◆ **EXERCISE**
Leave the pictures out and repeat the rest of the data below exactly.

Dataset records:
___

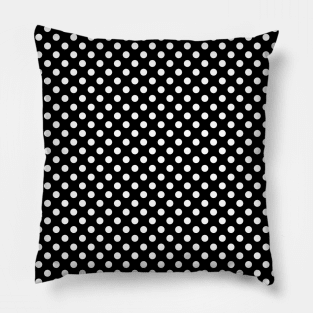 White Polka Dots on Black Background Pattern Pillow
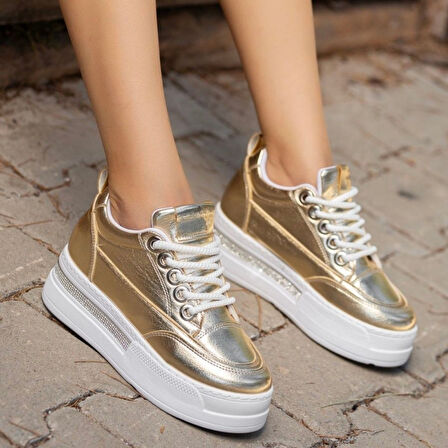 Pabucmarketi Sarı Rugan Bağcıklı Kadın Sneaker Ayakkabı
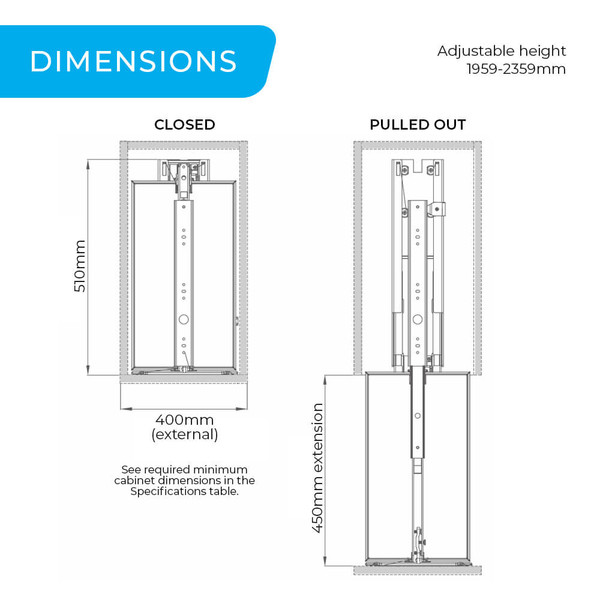 Higold Soft Close Pull Out Pantry 400mm Cabinet 1959mm Frame Dimensions Diagram Kitchen Storage Australia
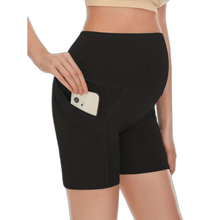 Load image into Gallery viewer, Maternity Solid High Waist Shorts Slim Fit Elastic Shorts Pregnant Black Medium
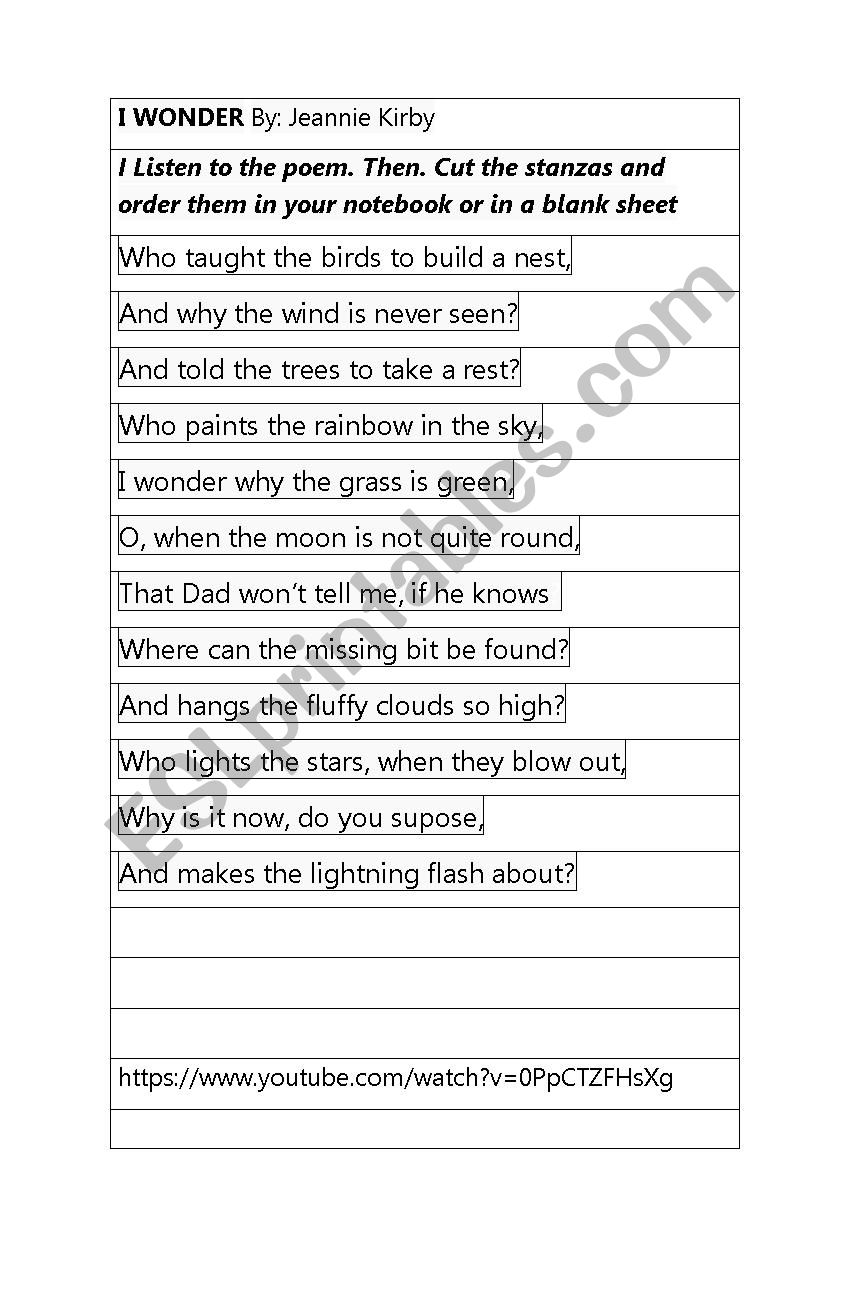 I wonder (poem)  worksheet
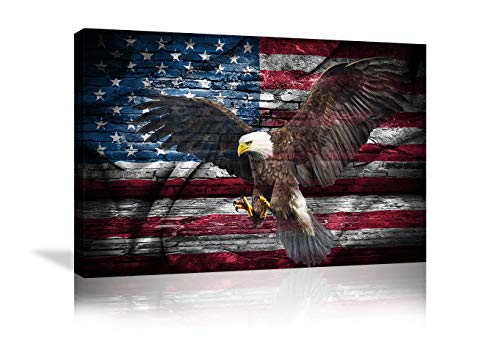 Retro American Flag Bald Eagle US Military Wall Art Canvas Prints Thin Blue Red Line Home Decor Pictures for Living Room Bedroom Painting Framed Ready to Hang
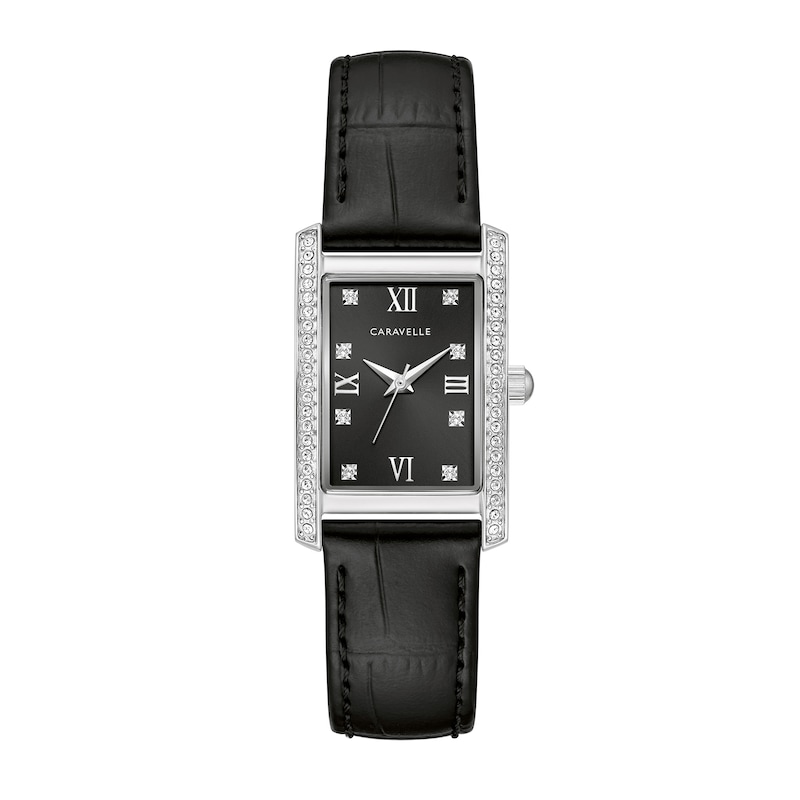 Ladies' Caravelle by Bulova Crystal Accent Black Leather Strap Watch with Rectangular Black Dial (Model: 43L222)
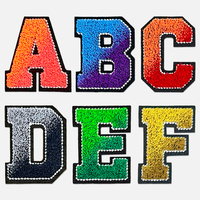 Patchs personnalisés dégradés multicolores, lettres thermocollantes, patchs brodés en chenille, appliques alphabet pour vêtements, chapeaux, sacs
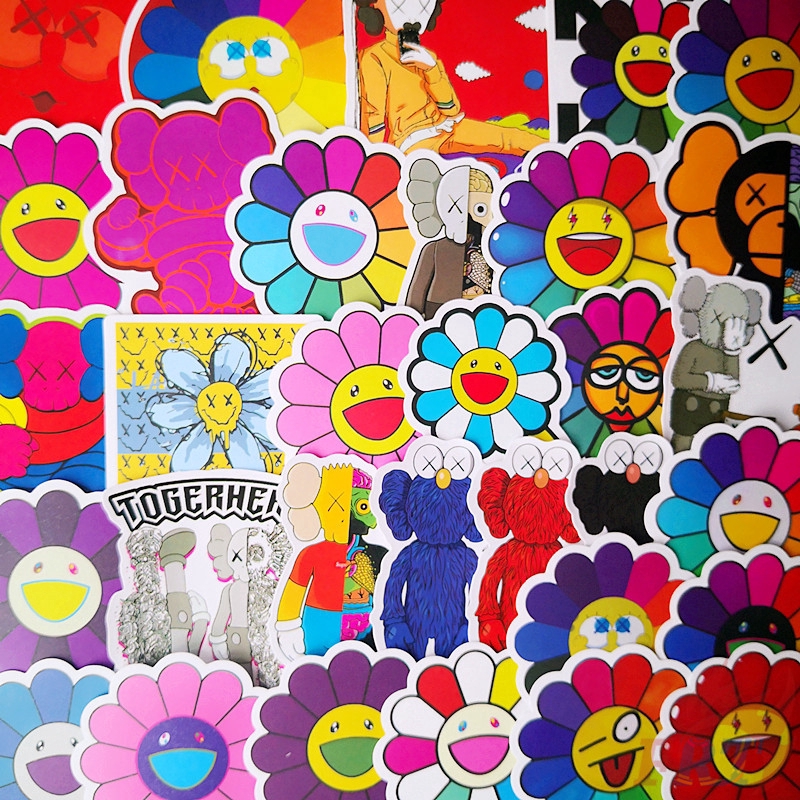 Bộ 102 miếng dán hình in hình nhân vật Kaws Murakami Takashi Hoa hướng dương dễ thương dùng để trang trí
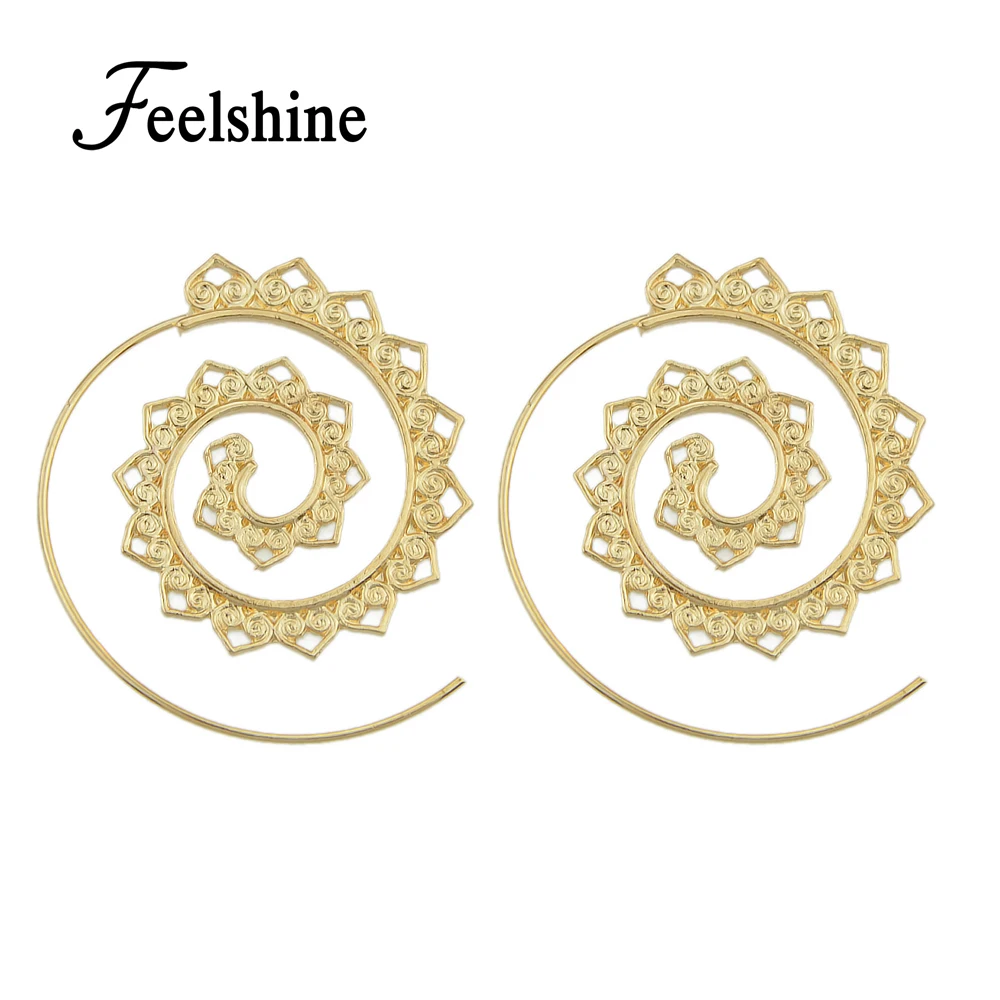 Feelshine панк рок заявление Серьги кольца золото Цвет Круг Сердце Форма богемный для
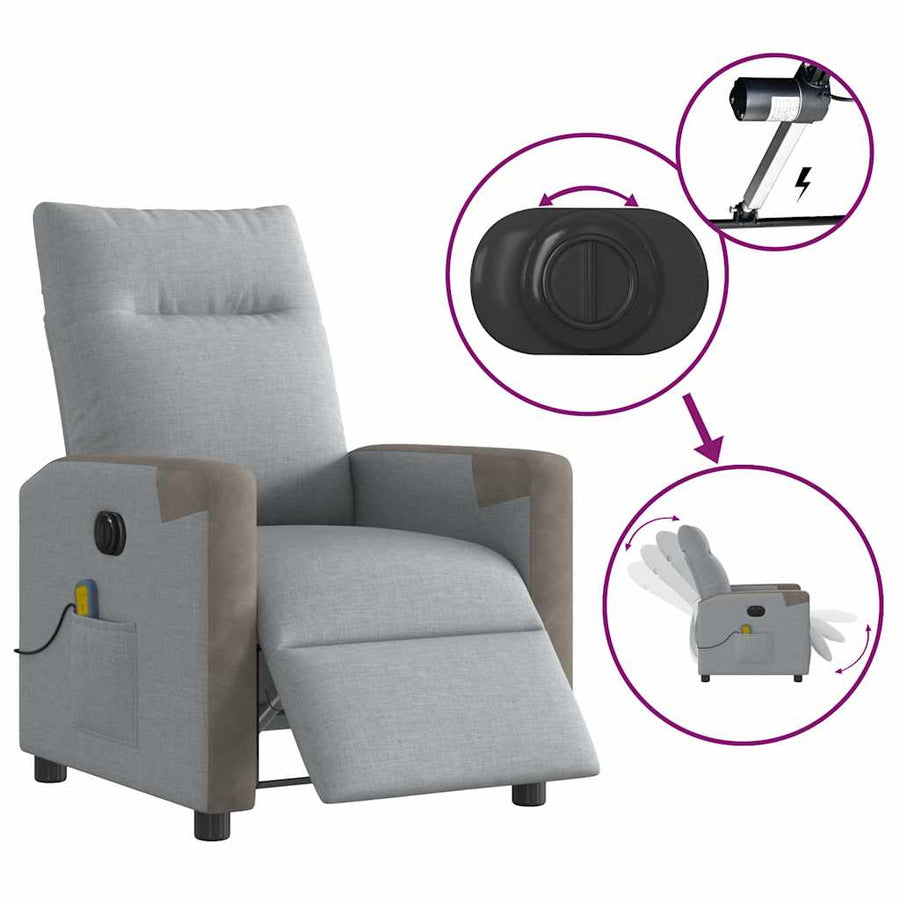 Massagestoel elektrisch verstelbaar stof lichtgrijs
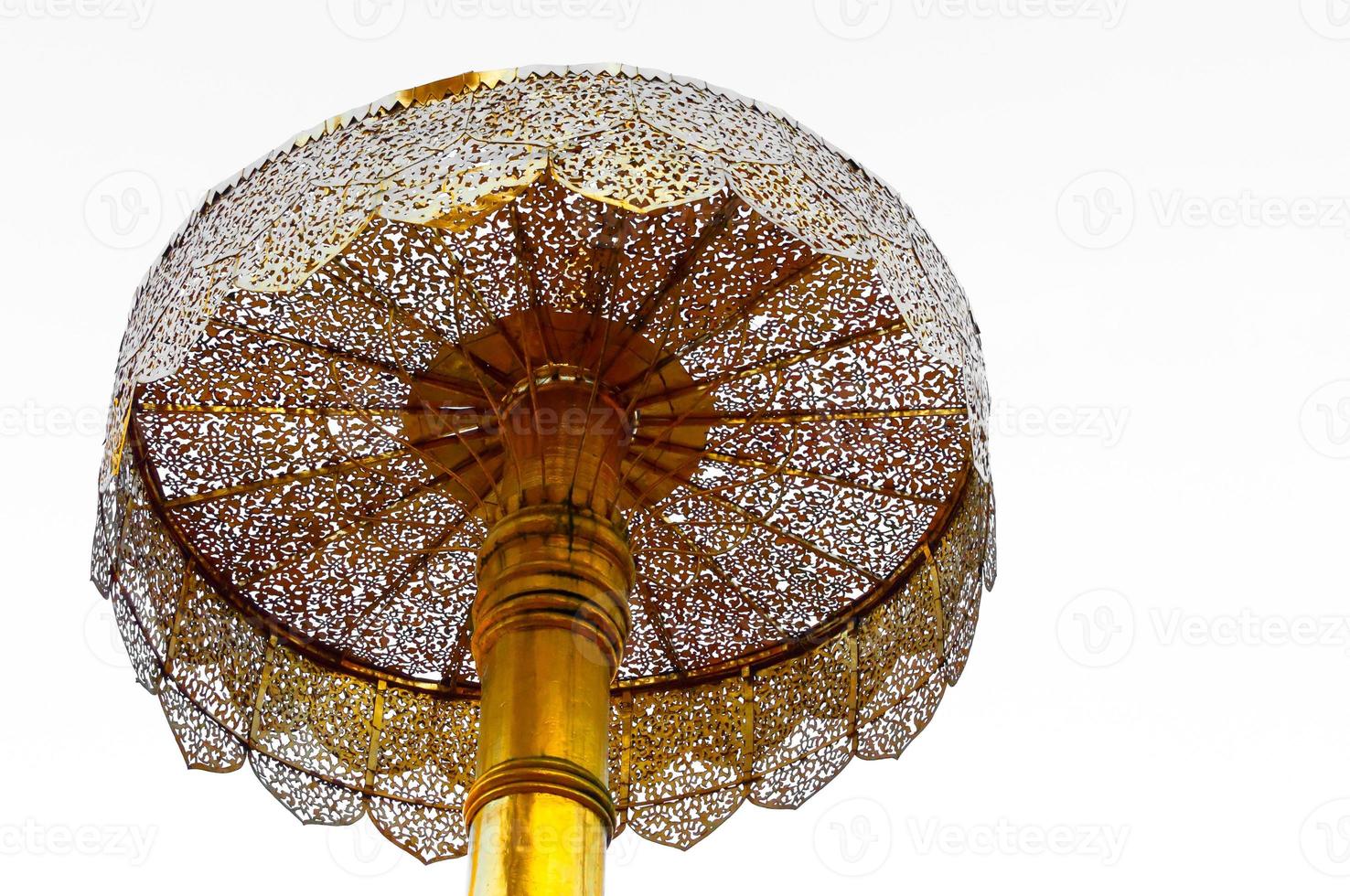 Tiered umbrella Gold ,art thai , Wat Phra That Doi Suthep temple in Thailand ,isolated on white photo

___

◆ **THE ANSWER**
 White Polka Dots on Black Background Pattern Pillow
 Pabucmarketi Sarı Rugan Bağcıklı Kadın Sneaker Ayakkabı
 Higold Soft Close Pull Out Pantry 400mm Cabinet 1959mm Frame Dimensions Diagram Kitchen Storage Australia
 Load image into Gallery viewer, Maternity Solid High Waist Shorts Slim Fit Elastic Shorts Pregnant Black Medium
 I wonder (poem)  worksheet
 Retro American Flag Bald Eagle US Military Wall Art Canvas Prints Thin Blue Red Line Home Decor Pictures for Living Room Bedroom Painting Framed Ready to Hang
 Ladies' Caravelle by Bulova Crystal Accent Black Leather Strap Watch with Rectangular Black Dial (Model: 43L222)
 Patchs personnalisés dégradés multicolores, lettres thermocollantes, patchs brodés en chenille, appliques alphabet pour vêtements, chapeaux, sacs
 Bộ 102 miếng dán hình in hình nhân vật Kaws Murakami Takashi Hoa hướng dương dễ thương dùng để trang trí
 Feelshine панк рок заявление Серьги кольца золото Цвет Круг Сердце Форма богемный для
 Massagestoel elektrisch verstelbaar stof lichtgrijs
 Tiered umbrella Gold ,art thai , Wat Phra That Doi Suthep temple in Thailand ,isolated on white photo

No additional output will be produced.